Provided data:
----------------------------------------
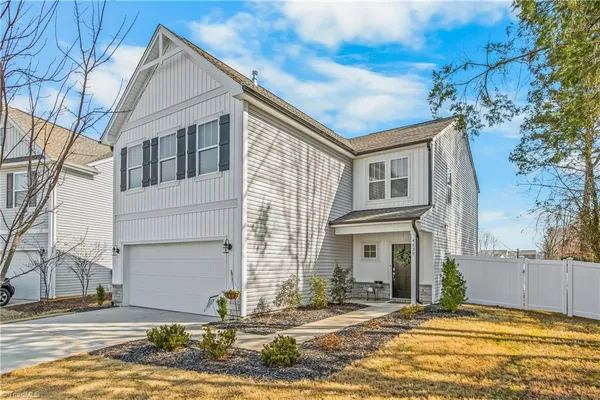 $399,000 | 4020 Centerpiece Court, High Point, NC 27265
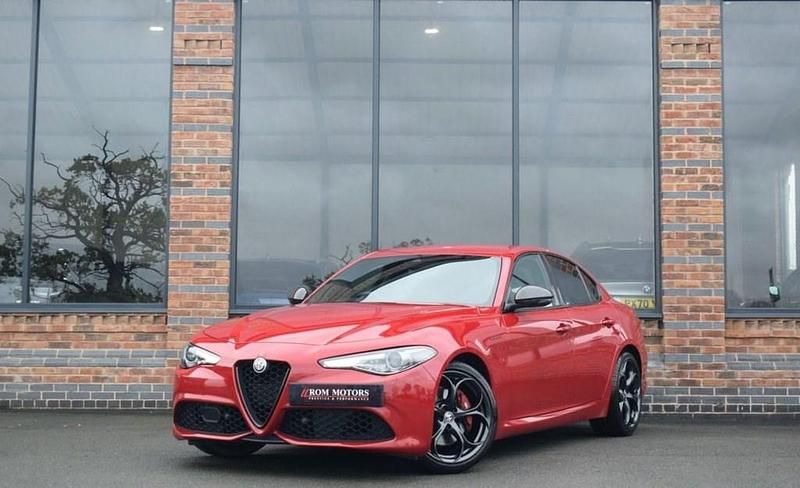 Red Used 2019 Alfa Romeo Giulia Saloon Ti Sedan | £23,999 (Expensive) - Image 1/4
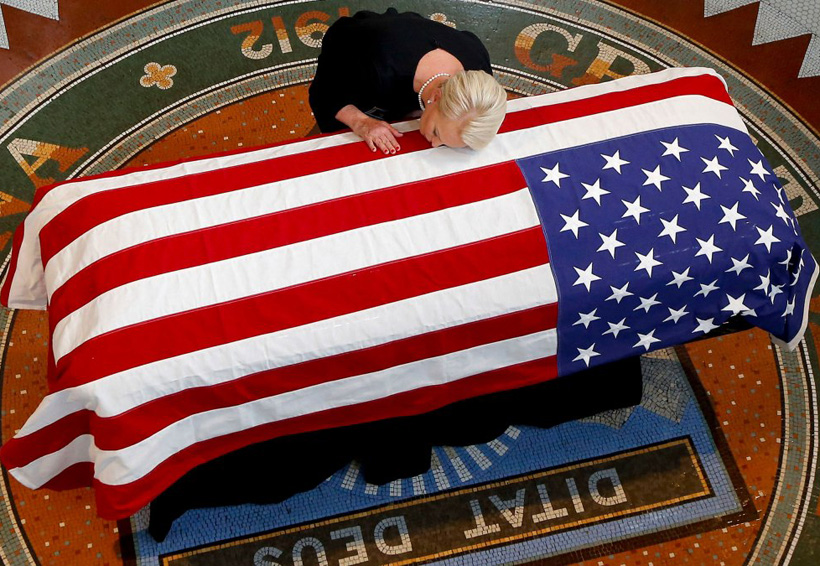 Políticos estadounidenses dan el último adiós a John McCain, sin presencia de Trump. Noticias en tiempo real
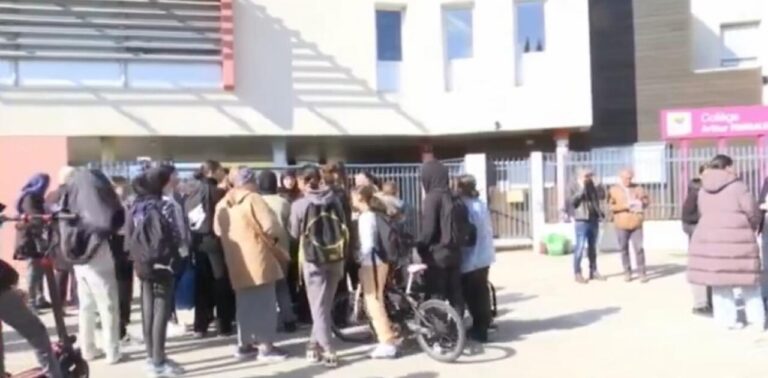 Οργή στη Γαλλία: 3 ανήλικοι ξυλοκόπησαν άγρια 14χρονη έξω από σχολείο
----------------------------------------
Work order:
Copy every line of the listing above exactly. Leave each picture out.

Output for this task:
 $399,000 | 4020 Centerpiece Court, High Point, NC 27265
 Red Used 2019 Alfa Romeo Giulia Saloon Ti Sedan | £23,999 (Expensive) - Image 1/4
 Políticos estadounidenses dan el último adiós a John McCain, sin presencia de Trump. Noticias en tiempo real
 Οργή στη Γαλλία: 3 ανήλικοι ξυλοκόπησαν άγρια 14χρονη έξω από σχολείο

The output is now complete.